[Short descriptive text snippets]
────────────────

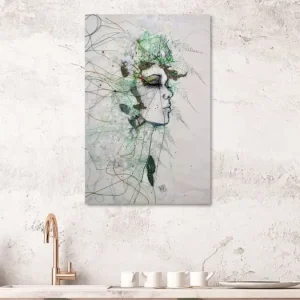 'Wondrous Winter Girl' van Kim Rijntjes - NL1645247M13S50x75 Promotion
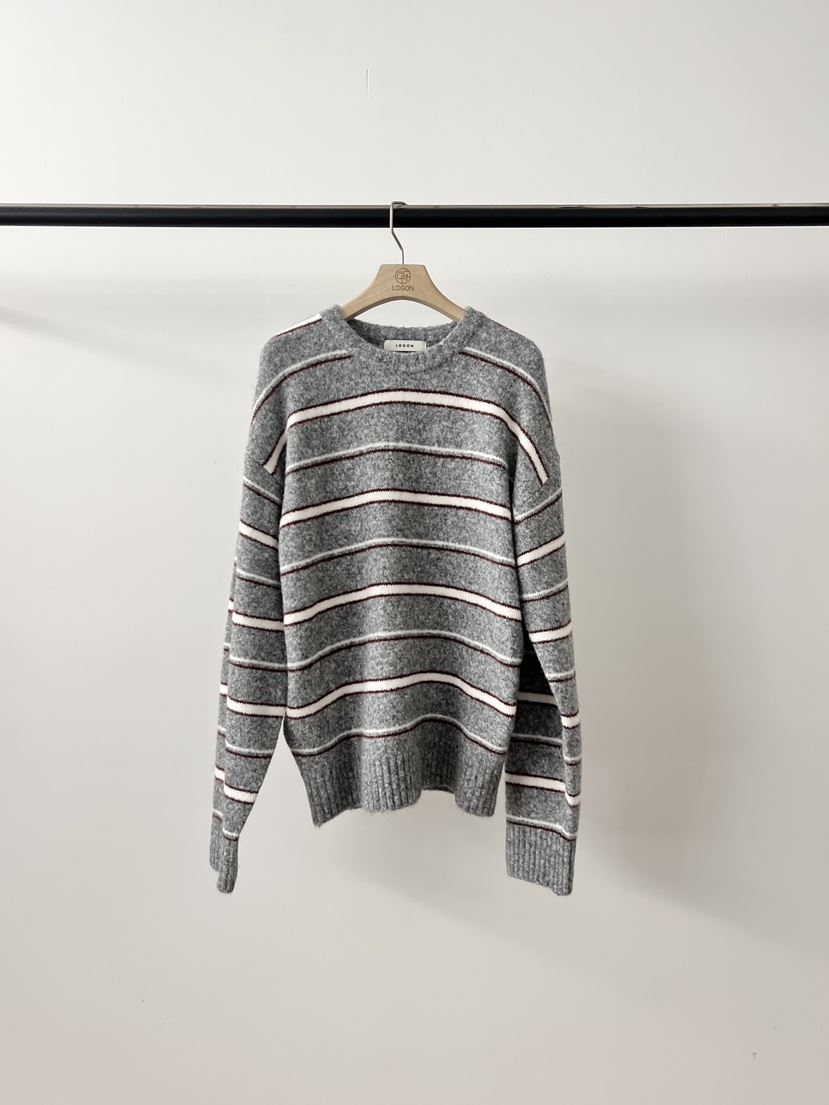 LOGON東大門㊣實拍女裝新品休閑推薦25秋冬時尚人氣職業毛衣LOGON毛衣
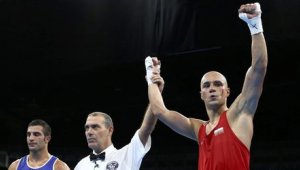 Велик българин! Симеон Чамов размаза от бой турчин в Рио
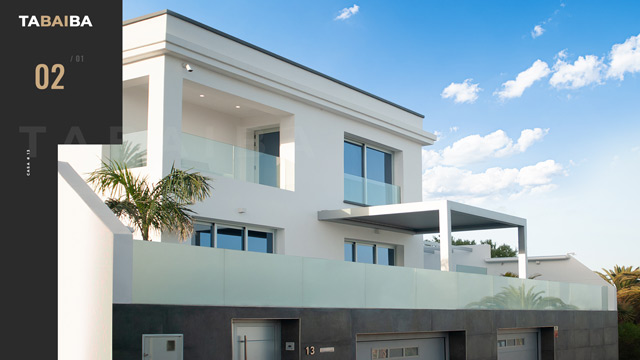 ADOSADOS ARAYA islas canarias tenerife españa 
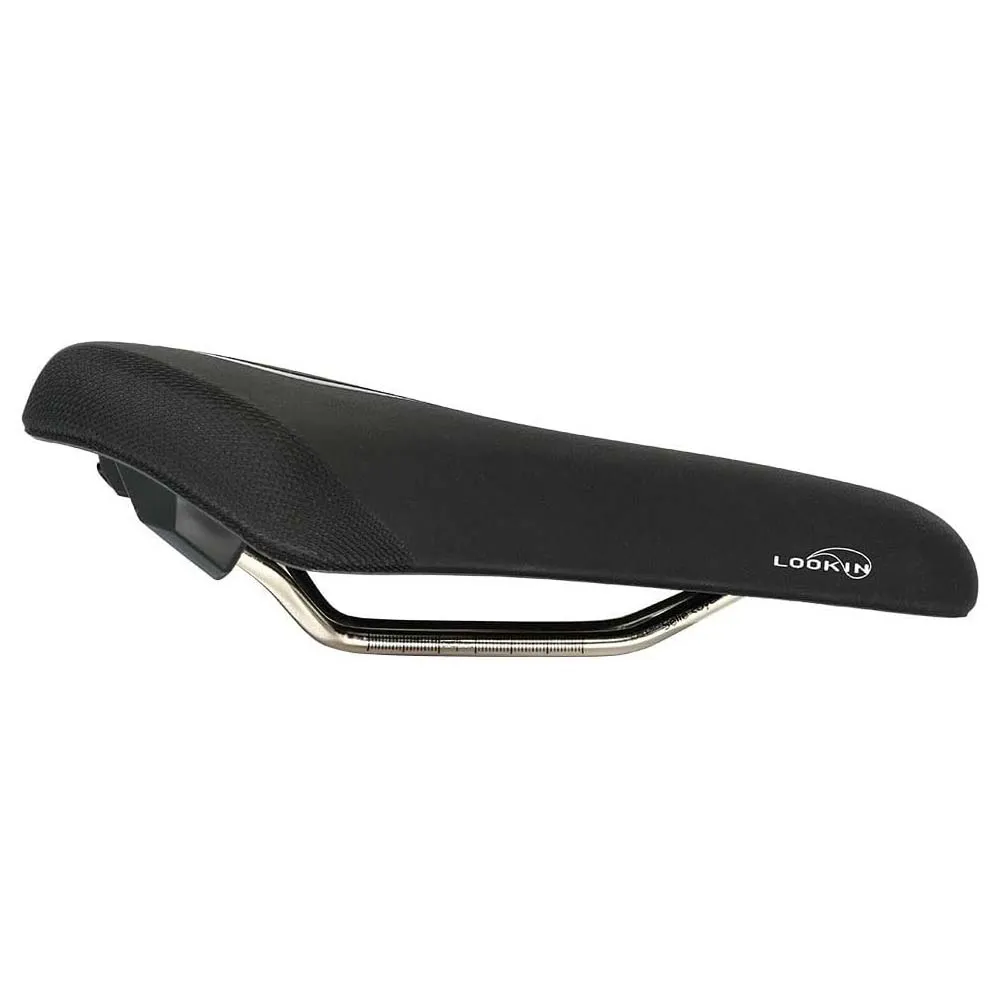 Selle Royal Lookin Stracciatella Moderate Cykelsadel, Black, 269 x 198mm
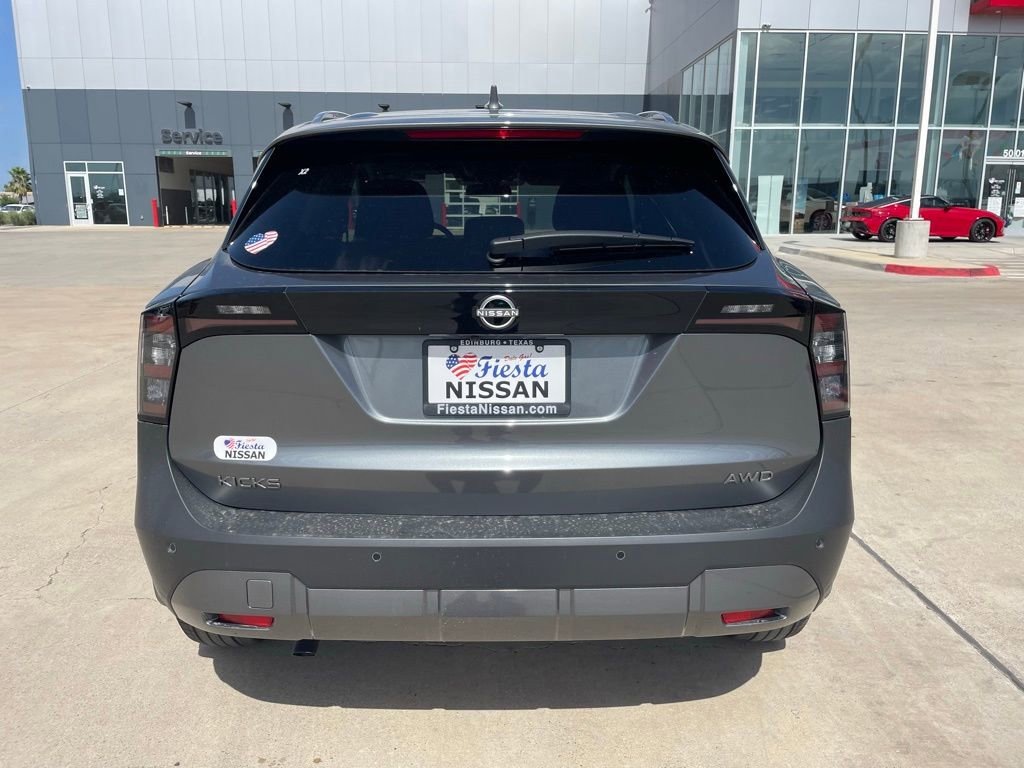 New 2025 Nissan Kicks SV w/ SV Premium Package AWD/4WD image 6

────────────────

Extract word for word every line from the line that contains "Selle Royal Lookin" to the final line of the data, both included, and nothing else; skip the pictures.

 Selle Royal Lookin Stracciatella Moderate Cykelsadel, Black, 269 x 198mm
 New 2025 Nissan Kicks SV w/ SV Premium Package AWD/4WD image 6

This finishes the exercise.